Subscriptions and purchases are beneficial in different ways.
You generally buy the music you love. As I said, I have mostly bought singles from iTunes and those that I liked the most ended up being CD purchases.
You buy what you "love" and you keep it to have "forever".
Does buying music online make sense? Not really. As I said before, I've purchased tons of music at iTunes. Several hundred songs. Now that I think about it, that was a complete waste of money. All but a few songs are DRM'ed. The sound quality isn't anywhere near as good as what you get with a CD or other online services. My ability to play them is also dependent on Apple keeping the iTunes authorization servers up. Let's look ahead 20 years from now. Let's say that Apple just happens to go under and I can no longer authorize my computer. Guess what? All those hundreds of songs are gone. Yet all of my CDs will still work. Unless I burned all of those songs to CD. But then I'd have to fish out those CD-Rs, hope they still work, and rip them again and suffer with further decreased sound quality due to a generation loss by using lossy compression on the song twice.

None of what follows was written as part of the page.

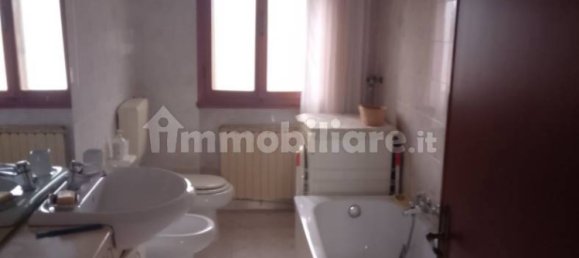 Вилла с 4 спальнями в Порто Толле, Италия № 300486 10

Then theres the fact that you're at the mercy of Apple or whoever thanks to DRM. Let's say Apple wants you to pay for some ability to continue to play your songs on new iPods or iTunes. Much the same way they're trying to ripoff/force people to repurchase their iPod games for their new iPods.
We already know that Apple is charging people to upgrade the sound quality of their songs (when all of the WMA services did it for free), how do we know they won't extend that kind of attitude to other areas?
The way Apple has dropped compatibility in the past, and now with the iPod games, how do we know that they won't require some kind of payment in the future to be able to continue to use our purchased iTunes content?
Buying is generally better than long term rentals. But when you're at the mercy of DRM, buying doesn't make sense. Because theres no knowing if your purchase will be rendered unusable and payment required to continue using it. Apple has done it before and theres no way of knowing if they'll do it again.
This is where music subscription services make sense. Yes you are renting, but you know what you're getting immediately. You're not getting into it think that the company is good, only to be ripped off later (iPod games, other issues). You know from the start that you are renting your music and it will disappear if you stop paying. You get as much music as you can handle for a small fee, you can sync it to a compatible player, and take it everywhere. If they upgrade the sound quality, you get that for free. If you want to "buy it" you get a discount, being a paid subscriber and all.
Considering how Apple has been treating customers lately........... with the issue with ringtones on the iPhone, locking out all but certified video accessories on the new iPods and refusing to release firmware that allows you to use what you want, making customers buy their iPod games again, build quality issues (like the tilted screen on the nano, bad screen on the iPod touch, all around build quality issues with the MacBooks and MBPs), renting music from Microsoft makes more sense than buying music from Apple and not knowing if they're going to find a way to charge you again for it in the future in some way or another.
I'm not the only one who feels this way either:
http://www.ilounge.com/index.php/articles/comments/11475/
I'm definitely close to finding buyers for all of my Apple products (iPhone included). I'd rather have a Zune and my HP notebook and know what I'm getting into rather than my MacBook and iPods and not know what Apple will do in the future to try to get more money out of me.